Norway's Church Delivers Sincere Apology to LGBTQ+ Community for ‘Pain, Shame and Significant Harm’
Amid crimson theater drapes at a leading Oslo LGBTQ+ venue, the Church of Norway offered an apology for harm and unequal treatment perpetrated over the years.
“The national church has brought LGBTQ+ individuals shame, great harm and pain,” bishop Olav Fykse Tveit, Olav Fykse Tveit, declared during a Thursday event. “It was wrong for this to take place and that is why today I say sorry.”
“Harassment, discrimination and unfair treatment” had caused certain individuals abandoning their faith, Tveit recognized. A worship service at Oslo's main cathedral was planned to come after the apology.
This formal apology was delivered at a venue called London Pub, one among two bars targeted in the 2022 attack that took two lives and caused serious injuries to nine during Oslo’s Pride celebrations. An individual of Iranian descent living in Norway, who expressed support for ISIS, was given a prison term to a minimum of three decades in prison for carrying out the attacks.
Like many religions around the world, the Norwegian Lutheran Church – an evangelical Lutheran church that is Norway’s largest faith community – had long marginalised the LGBTQ+ community, denying them the opportunity from joining the clergy or from marrying in religious ceremonies. In the 1950s, church leaders described gay people as a “social danger of global proportions”.

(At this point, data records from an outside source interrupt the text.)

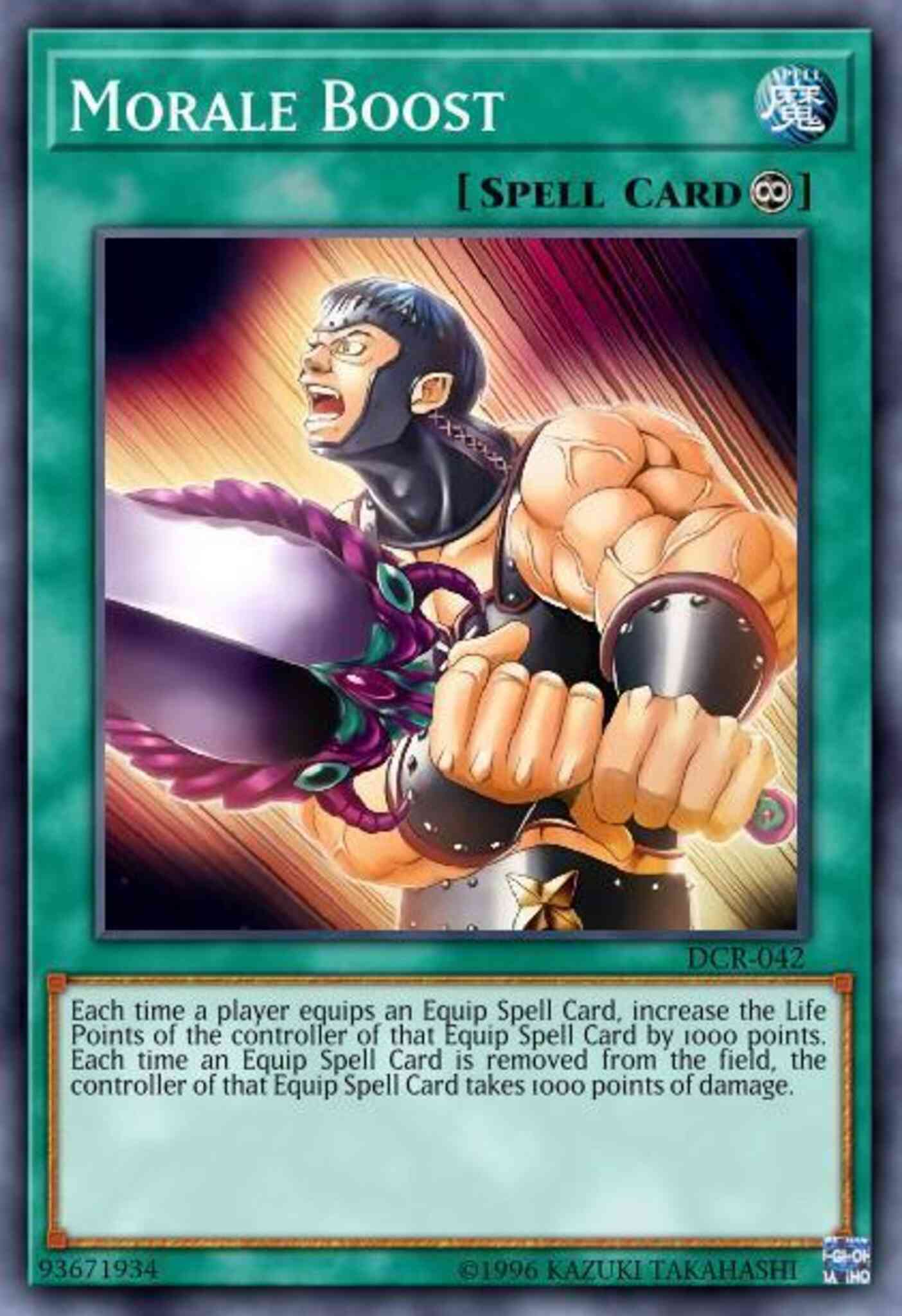 Morale Boost - DR1-EN204 - Common - Unlimited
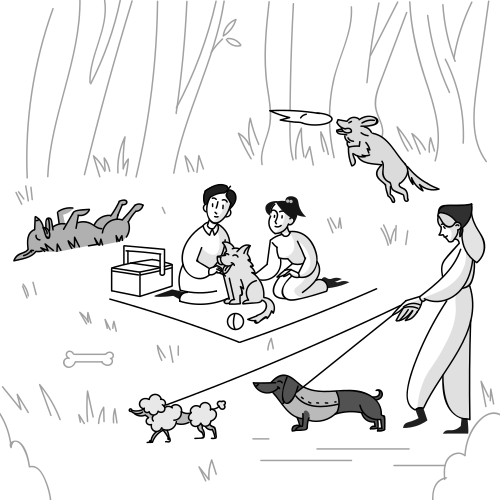 The Baader-Meinhof Phenomenon illustration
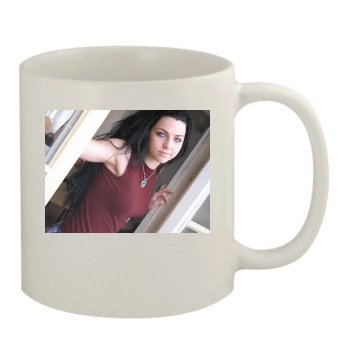 Amy Lee 11oz White Mug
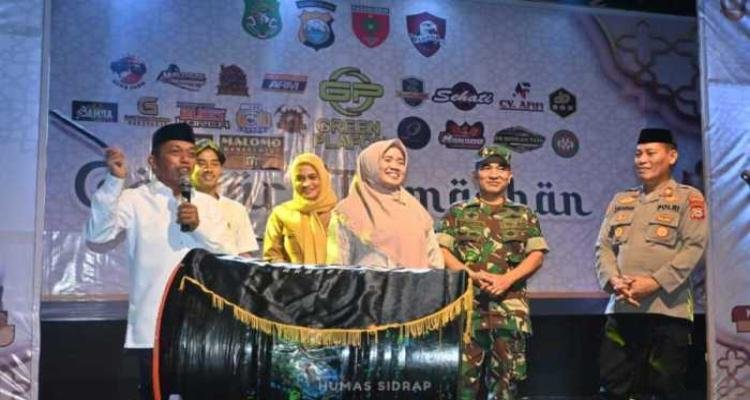 Gerakan Pangan Murah Sidrap, Jual Sembako Harga Terjangkau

However, as Norway's society grew more liberal, becoming the second in the world to permit registered partnerships for same-sex couples during 1993 and by 2009 the initial Nordic nation to legalize same-sex marriage, the church gradually changed.
Back in 2007, Norway's church commenced the ordination of LGBTQ+ clergy, and gay and lesbian couples could marry in church from 2017 onward. In 2023, the bishop took part in the Oslo Pride event in what was called a historic moment for the religious institution.
The Thursday statement of regret elicited a mixed reaction. The head of a network for Christian lesbians in Norway, Pedersen-Eriksen, who is also a gay pastor, referred to it as “a crucial act of amends” and a point in time that “represented the closure of a difficult period in the church’s history”.
As stated by Stephen Adom, the leader of Norway’s Association for Gender and Sexual Diversity, the statement was “powerful and significant” but arrived “overdue for individuals among us who died of Aids … with hearts filled with anguish because the church considered the disease to be God’s punishment”.
Globally, a few churches have attempted to offer apologies for historical treatment regarding LGBTQ+ individuals. In 2023, England's church said sorry for what it referred to as “shameful” actions, though it still declines to allow same-sex marriages within the church.
Likewise, the Methodist Church in Ireland last year apologised for “inadequate pastoral assistance and care” toward LGBTQ+ individuals and their families, but held fast in the view that marriage could only be a bond between male and female.
Several months ago, the United Church of Canada issued an apology to Two-Spirit and LGBTQIA+ groups, characterizing it as a renewed commitment of the church's “dedication to welcoming all and full inclusion” throughout every area of church life.
“We have failed to celebrate and delight in the beauty of all creation,” Rev Michael Blair, the general secretary of the church, stated. “We have wounded people rather than pursuing healing. We express our regret.”